§ Your task
Take the lines below from the one with "33W X 33H X" through the one with "Aimant PAPA anglais de bouledogue" and retype them exactly. Include nothing else, and no pictures.

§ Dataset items
━━━━━━━━━━

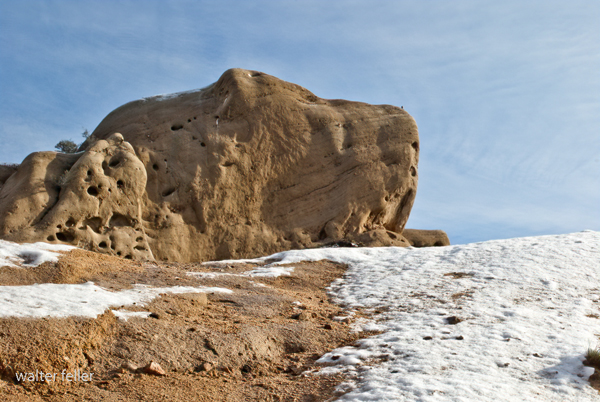 Snow on Mormon Rocks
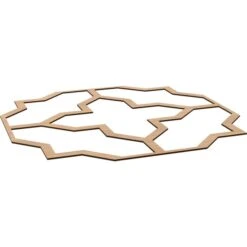 33W X 33H X 14T Small Laird Decorative Fretwork Wood Ceiling Panels, Hickory -ZORO Materials Sale PCI20Enterprises20dba20Ekena20Millwork 2029857xx05xx924903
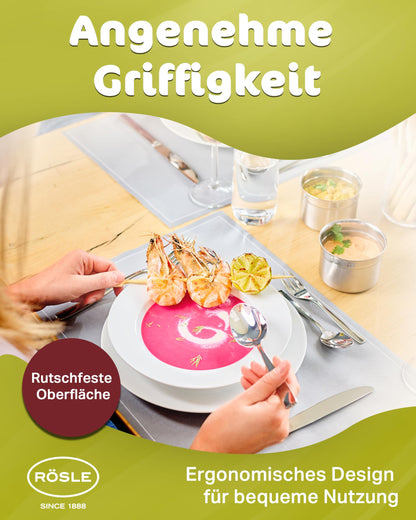 RÖSLE ELEGANCE Essbesteck Set 60-teilig – Edelstahl 18/10
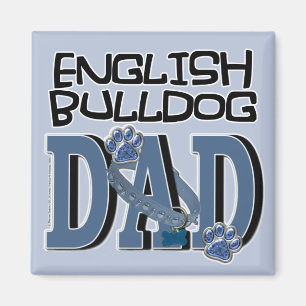 Aimant PAPA anglais de bouledogue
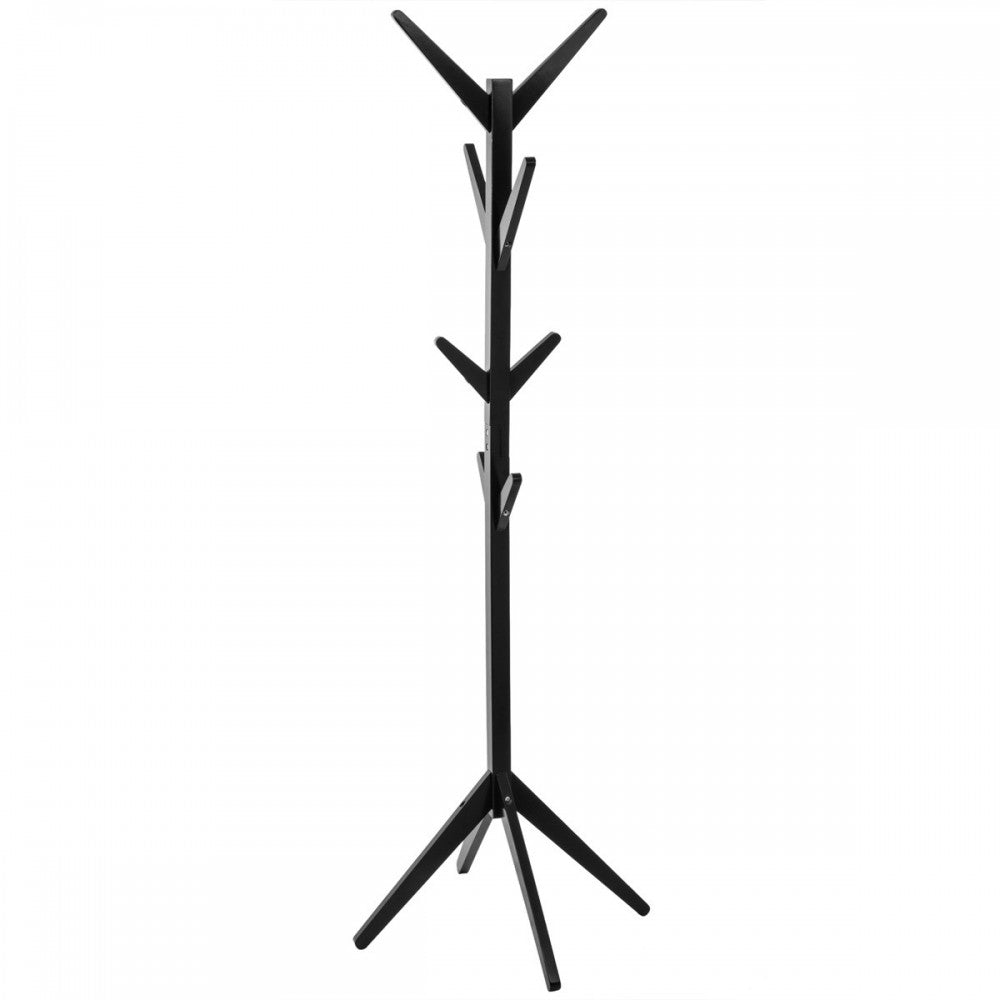 Cuier haine Haga, lemn, negru, 62 x 62 x H173 cm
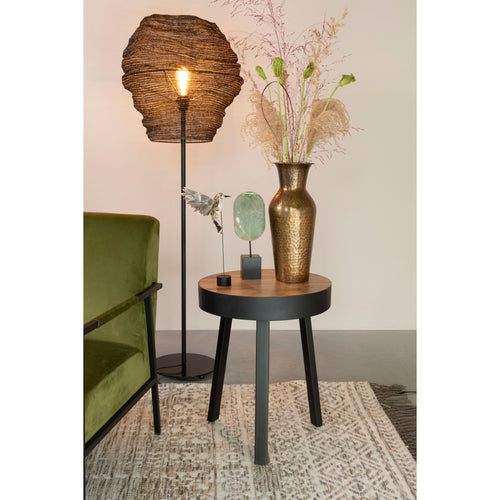 Housecraft Living Lena Vloerlamp/ Staande lamp  Zwart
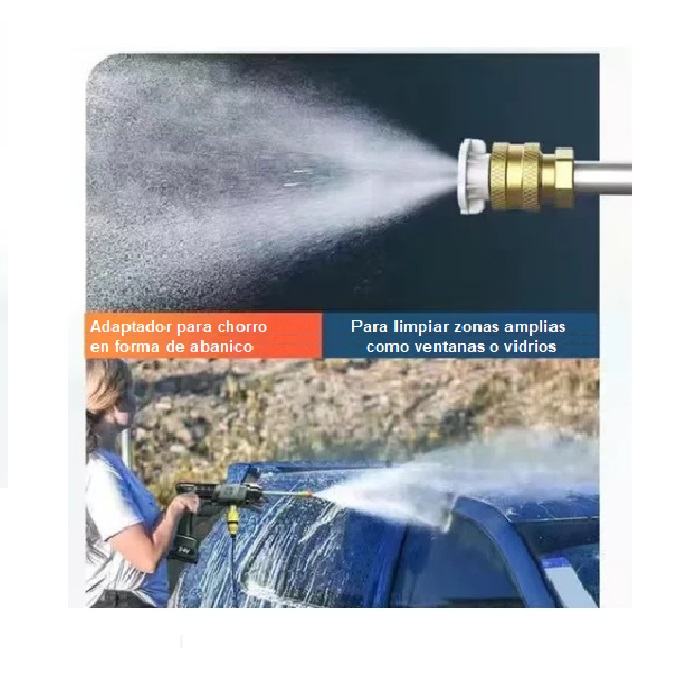 Pistola de Lavado con Agua a Presión Portátil Recargable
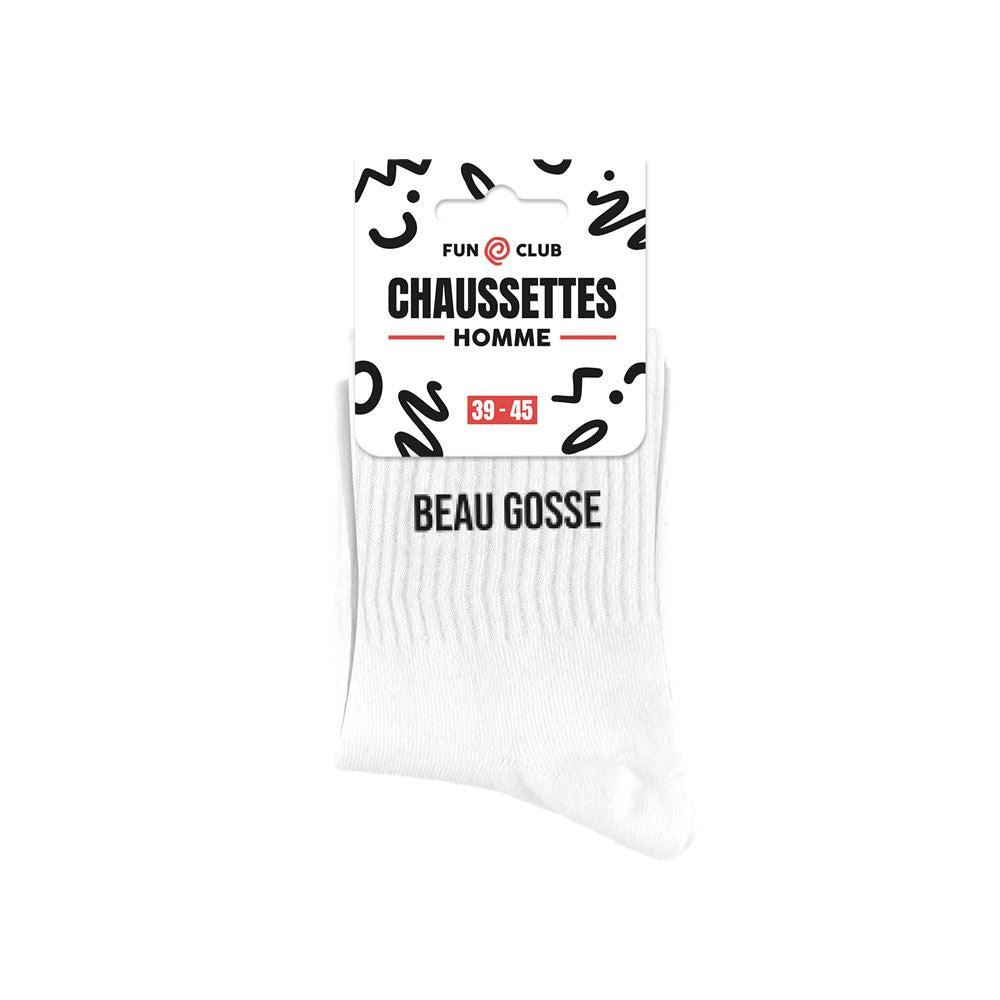 Chaussettes "Beau gosse" / Taille unique : 39-45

━━━━━━━━━━

§ The completed task
 33W X 33H X 14T Small Laird Decorative Fretwork Wood Ceiling Panels, Hickory -ZORO Materials Sale PCI20Enterprises20dba20Ekena20Millwork 2029857xx05xx924903
 RÖSLE ELEGANCE Essbesteck Set 60-teilig – Edelstahl 18/10
 Aimant PAPA anglais de bouledogue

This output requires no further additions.